When the federal senator for the Australian Motoring Enthusiast Party, Ricky Muir, sounds like the voice of reason, you know you have a problem.
"You" being the Government, and more particularly, Treasurer Joe Hockey, who once again stands accused of being out of touch with reality after claiming that "the poorest people either don't have cars or actually don't drive very far".
Hockey, in a radio interview, was trying to portray a planned increase in the fuel excise as hitting high-income earners most.
But his comments sparked a storm of protest, including from some of his own colleagues, and reinforced his image as "the cigar-chomping Foghorn Leghorn of Australian politics", as Opposition leader Bill Shorten called him.
Muir was among critics pointing out that people in outer metropolitan suburbs and regional areas were especially vulnerable to fuel cost rises. "We can't all hop on to cows and ride into town," he said.
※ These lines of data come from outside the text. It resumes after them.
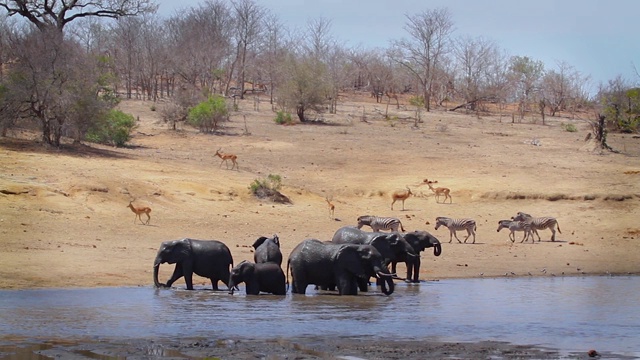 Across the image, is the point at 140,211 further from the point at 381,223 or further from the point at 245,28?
the point at 245,28

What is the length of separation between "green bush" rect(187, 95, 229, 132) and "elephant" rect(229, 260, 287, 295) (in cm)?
2006

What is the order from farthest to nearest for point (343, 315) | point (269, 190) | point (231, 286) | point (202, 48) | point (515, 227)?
point (202, 48) < point (269, 190) < point (515, 227) < point (231, 286) < point (343, 315)

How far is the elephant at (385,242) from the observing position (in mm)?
16781

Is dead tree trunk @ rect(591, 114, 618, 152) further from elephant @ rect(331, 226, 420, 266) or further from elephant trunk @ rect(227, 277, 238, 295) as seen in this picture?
elephant trunk @ rect(227, 277, 238, 295)

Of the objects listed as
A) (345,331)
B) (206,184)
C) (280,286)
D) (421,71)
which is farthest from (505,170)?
(421,71)

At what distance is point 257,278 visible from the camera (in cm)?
A: 1480

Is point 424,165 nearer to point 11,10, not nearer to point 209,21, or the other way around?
point 11,10

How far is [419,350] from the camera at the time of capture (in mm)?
10258

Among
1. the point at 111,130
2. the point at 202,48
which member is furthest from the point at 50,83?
the point at 202,48

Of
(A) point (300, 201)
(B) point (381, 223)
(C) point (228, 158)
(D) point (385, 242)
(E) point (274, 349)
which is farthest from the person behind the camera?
(C) point (228, 158)

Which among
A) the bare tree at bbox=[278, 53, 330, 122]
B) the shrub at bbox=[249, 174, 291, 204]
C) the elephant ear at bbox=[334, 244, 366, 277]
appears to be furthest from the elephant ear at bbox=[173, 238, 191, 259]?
the bare tree at bbox=[278, 53, 330, 122]

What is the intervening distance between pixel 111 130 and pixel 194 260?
50.2 ft

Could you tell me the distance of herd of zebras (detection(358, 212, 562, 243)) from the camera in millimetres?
21406

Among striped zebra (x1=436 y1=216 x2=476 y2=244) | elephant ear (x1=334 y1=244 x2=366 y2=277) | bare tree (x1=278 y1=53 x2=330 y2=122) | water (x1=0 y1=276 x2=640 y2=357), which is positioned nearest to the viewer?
water (x1=0 y1=276 x2=640 y2=357) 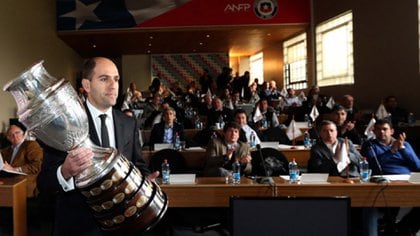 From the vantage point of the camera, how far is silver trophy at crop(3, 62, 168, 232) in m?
1.05

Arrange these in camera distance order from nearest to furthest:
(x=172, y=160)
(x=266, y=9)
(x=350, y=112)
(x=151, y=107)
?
1. (x=172, y=160)
2. (x=350, y=112)
3. (x=151, y=107)
4. (x=266, y=9)

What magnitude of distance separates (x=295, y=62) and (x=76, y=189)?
13366 millimetres

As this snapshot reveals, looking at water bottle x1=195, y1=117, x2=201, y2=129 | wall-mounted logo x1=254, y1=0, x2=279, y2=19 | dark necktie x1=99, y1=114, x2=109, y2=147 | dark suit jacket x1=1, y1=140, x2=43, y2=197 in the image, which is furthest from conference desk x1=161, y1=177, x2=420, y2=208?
wall-mounted logo x1=254, y1=0, x2=279, y2=19

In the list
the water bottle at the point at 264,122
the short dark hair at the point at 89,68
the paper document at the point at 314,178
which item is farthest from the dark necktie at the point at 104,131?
the water bottle at the point at 264,122

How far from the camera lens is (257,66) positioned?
1930 cm

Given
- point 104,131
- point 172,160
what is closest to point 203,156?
point 172,160

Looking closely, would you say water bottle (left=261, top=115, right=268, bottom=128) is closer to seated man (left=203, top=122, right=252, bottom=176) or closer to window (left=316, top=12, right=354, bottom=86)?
seated man (left=203, top=122, right=252, bottom=176)

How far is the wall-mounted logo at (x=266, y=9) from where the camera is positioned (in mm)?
12516

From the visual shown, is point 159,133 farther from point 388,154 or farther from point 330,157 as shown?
point 388,154

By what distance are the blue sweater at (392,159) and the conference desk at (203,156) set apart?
101 centimetres

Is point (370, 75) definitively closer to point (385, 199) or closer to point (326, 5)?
point (326, 5)

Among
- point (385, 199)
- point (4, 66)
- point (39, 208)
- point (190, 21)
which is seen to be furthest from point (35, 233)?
point (190, 21)

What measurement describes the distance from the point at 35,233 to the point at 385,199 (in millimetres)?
2963

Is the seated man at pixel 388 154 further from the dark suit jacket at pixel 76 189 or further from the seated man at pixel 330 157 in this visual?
the dark suit jacket at pixel 76 189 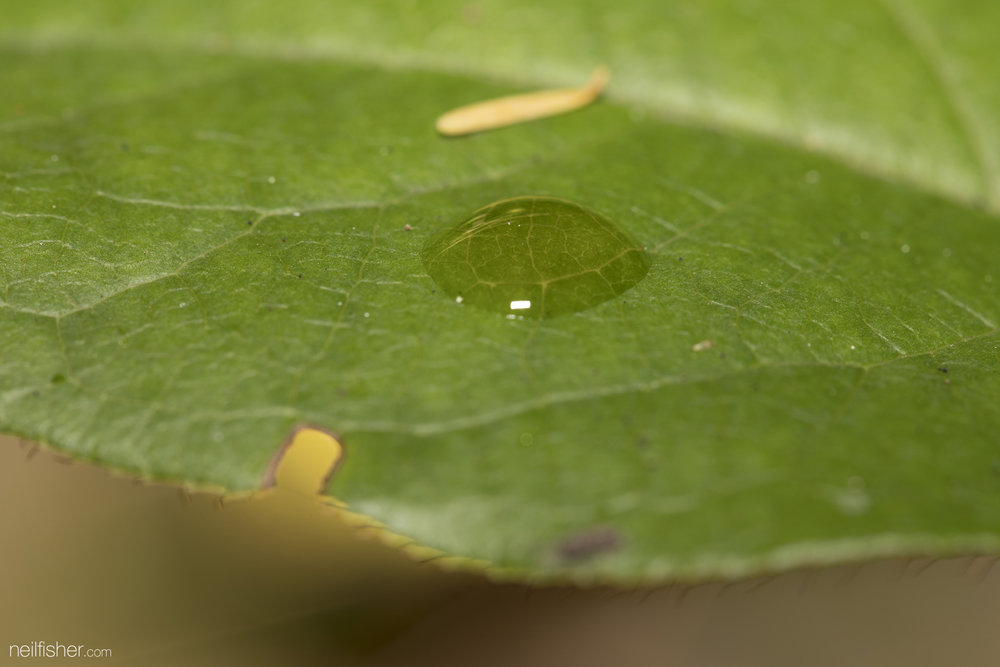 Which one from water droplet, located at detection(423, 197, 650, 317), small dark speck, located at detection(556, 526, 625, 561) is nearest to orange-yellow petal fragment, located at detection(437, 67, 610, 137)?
water droplet, located at detection(423, 197, 650, 317)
A former timber worker and father of five, the fledgling politician - one of the cross-benchers being wooed by Hockey as he seeks to get unpopular Budget measures through the Senate - said he had first-hand experience of the impact of such costs on the household budget.
"There's been plenty of times when I've had to think twice about not only filling the car up, but whether I really should be making a certain drive or not," he told the ABC.
Hockey, who was photographed chomping on a big cigar last May after completing his austerity Budget, rejected the criticism as "hysteria".
His office issued figures showing that highest-income households spent three times more on petrol than the lowest, and that the less well-off were less likely to own a car.
But opposition politicians, community groups and some Coalition figures said fuel was bound to consume a higher proportion of the income of lower earners.
The Coalition politicians said people in outer-metropolitan and regional areas generally earned less, had further to travel and were poorly served by public transport.
"You have to have a car whether you are rich or poor," said Liberal National Party senator Ian Macdonald, who has threatened to cross the floor over the issue.
Shorten seized on Hockey's remarks to depict the Treasurer - who grew up on Sydney's affluent north shore and represents Australia's second-richest electorate - as having little understanding of ordinary voters' concerns.
"I think Joe Hockey should apologise to Australians for insulting them by saying you don't need to worry about the tax if you don't drive a car."
Even the usually supportive Murdoch press rounded on the Treasurer, the Daily Telegraph running a photograph of him in a chauffeur-driven, "luxury taxpayer-funded car" and condemning him as "out of touch ... with working mums and dads".
Hockey wants to raise A$2.2 billion ($2.4 billion) by index-linking the fuel excise, which was frozen 13 years ago.